Greater Harrisburg's Community Magazine

Harrisburg set to finalize bond deal, make payment to significantly reduce debt load

The Intergovernmental Cooperation Authority, at its meeting on Wednesday.

A contentious city bond deal is expected to close next week, allowing Harrisburg to retire a large chunk of its substantial debt load.

At a meeting on Wednesday, city financial advisor Dan Connelly said that Harrisburg would pay off the remaining $5 million on a 2005 bond issue that funded upgrades to the city-owned minor league baseball stadium on City Island.

In addition, the city plans to make a lump-sum pre-payment of $4 million to offset additional debt incurred during its financial crisis, after the city defaulted on general obligation bonds initially issued in 1997, Connelly told members of the Intergovernmental Cooperation Authority (ICA), the city’s state-appointed financial oversight body.

Harrisburg’s bond insurer, Ambac Assurance Corp., offered the city incentives to retire the stadium bonds and reduce the remaining debt load. At the close of the deal, expected on Tuesday, the city will make a $9 million cash outlay and, in return, receive $13.1 million in total debt reduction, Connelly explained. The debt reduction includes the city’s upfront payments, plus Ambac’s debt forgiveness incentive.

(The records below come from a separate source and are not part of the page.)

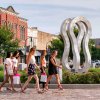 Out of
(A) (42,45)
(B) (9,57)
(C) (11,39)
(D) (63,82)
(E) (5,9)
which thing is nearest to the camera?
(B) (9,57)

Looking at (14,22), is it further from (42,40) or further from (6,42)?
(42,40)

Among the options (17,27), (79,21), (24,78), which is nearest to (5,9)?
(17,27)

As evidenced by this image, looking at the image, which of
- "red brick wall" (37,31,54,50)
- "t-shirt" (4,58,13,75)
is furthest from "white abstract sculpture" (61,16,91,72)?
"red brick wall" (37,31,54,50)

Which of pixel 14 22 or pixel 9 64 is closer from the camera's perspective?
pixel 9 64

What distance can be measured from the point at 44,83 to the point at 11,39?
138 ft

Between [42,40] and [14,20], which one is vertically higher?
[14,20]

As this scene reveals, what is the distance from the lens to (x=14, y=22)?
7319 centimetres

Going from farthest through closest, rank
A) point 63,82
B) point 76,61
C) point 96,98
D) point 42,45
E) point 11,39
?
point 42,45
point 11,39
point 76,61
point 63,82
point 96,98

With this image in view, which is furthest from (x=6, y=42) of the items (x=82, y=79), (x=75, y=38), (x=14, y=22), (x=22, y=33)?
(x=82, y=79)

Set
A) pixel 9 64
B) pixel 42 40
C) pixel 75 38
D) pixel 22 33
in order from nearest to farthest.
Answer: pixel 9 64, pixel 75 38, pixel 22 33, pixel 42 40

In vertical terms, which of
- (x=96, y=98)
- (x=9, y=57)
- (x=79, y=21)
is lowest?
(x=96, y=98)

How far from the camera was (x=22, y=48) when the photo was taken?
2997 inches

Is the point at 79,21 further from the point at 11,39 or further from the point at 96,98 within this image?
the point at 11,39

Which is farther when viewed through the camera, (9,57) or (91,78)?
(91,78) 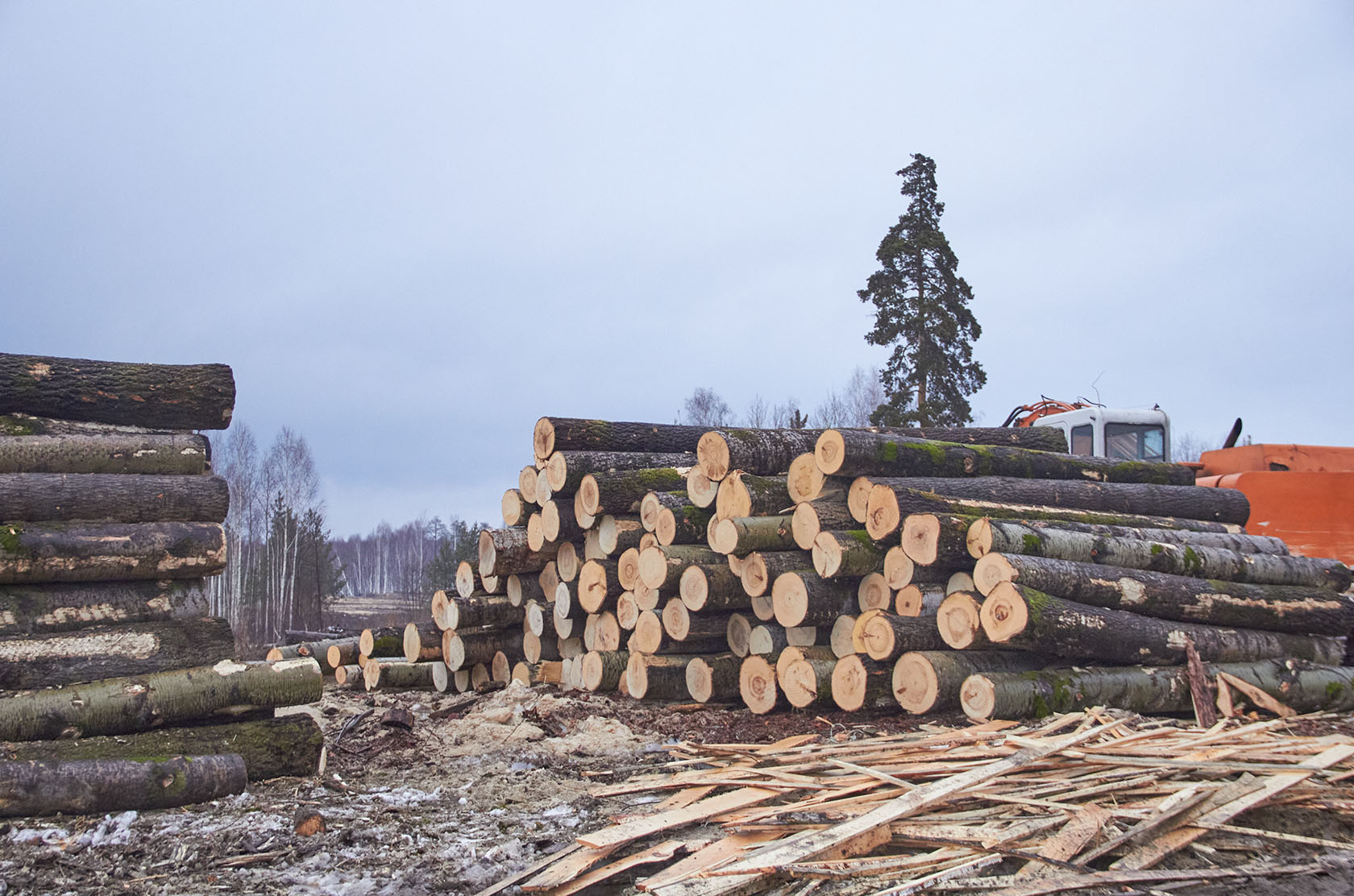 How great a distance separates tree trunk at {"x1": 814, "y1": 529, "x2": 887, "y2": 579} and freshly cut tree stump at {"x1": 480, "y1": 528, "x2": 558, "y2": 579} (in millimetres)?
3467

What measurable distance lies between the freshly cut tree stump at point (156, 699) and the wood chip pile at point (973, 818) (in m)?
2.30

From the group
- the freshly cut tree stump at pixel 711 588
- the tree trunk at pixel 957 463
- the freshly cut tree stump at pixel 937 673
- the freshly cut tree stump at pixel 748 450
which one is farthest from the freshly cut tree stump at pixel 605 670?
the freshly cut tree stump at pixel 937 673

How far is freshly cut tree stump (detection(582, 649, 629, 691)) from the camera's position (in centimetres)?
901

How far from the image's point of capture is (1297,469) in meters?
12.0

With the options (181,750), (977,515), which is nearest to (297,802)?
(181,750)

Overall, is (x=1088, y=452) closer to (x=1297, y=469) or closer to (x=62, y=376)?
(x=1297, y=469)

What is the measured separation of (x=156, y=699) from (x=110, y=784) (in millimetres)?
709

“This will be a major accomplishment,” said Connelly, who’s been acting as the city’s representative on the ICA for the past few months.

After the deal is closed, the city still will owe about $19.1 million in general obligation debt. Under the terms of the deal with Ambac, the city’s interest rate on that remaining debt will be reduced from 6.75% to 5.25% for three years.

“This is great news, a great development,” said ICA vice-chair Ralph Vartan.

Notably, the Ambac deal excludes a refinancing of the remaining debt load originally planned by the city administration.

Mayor Eric Papenfuse wanted to refinance the remaining debt over a 10-year period at a still-lower interest rate, in the 3.25% to 3.5% range, which, he believed, would earn the city a credit rating and allow it to again access the bond market.

City Council members, however, rejected that proposal, stating that they preferred to use the city’s cash balance to pay off the remaining debt faster.

At a meeting in October, city Controller Charlie DeBrunner told ICA members that the city should wait until next year to decide exactly how it wants to pay off the remaining debt, once it sees how much cash it has on hand.

He said that he expected the city to end fiscal year 2021 with about $24 million in the bank, following the close of the Ambac deal.

“We’re not emboldened to do anything right away,” he said. “So, I don’t think we need to do something Jan. 1. Why don’t we wait and see what is real, say March? If these [revenues] are coming in the way I think they’re going to, then we can start writing some big checks.”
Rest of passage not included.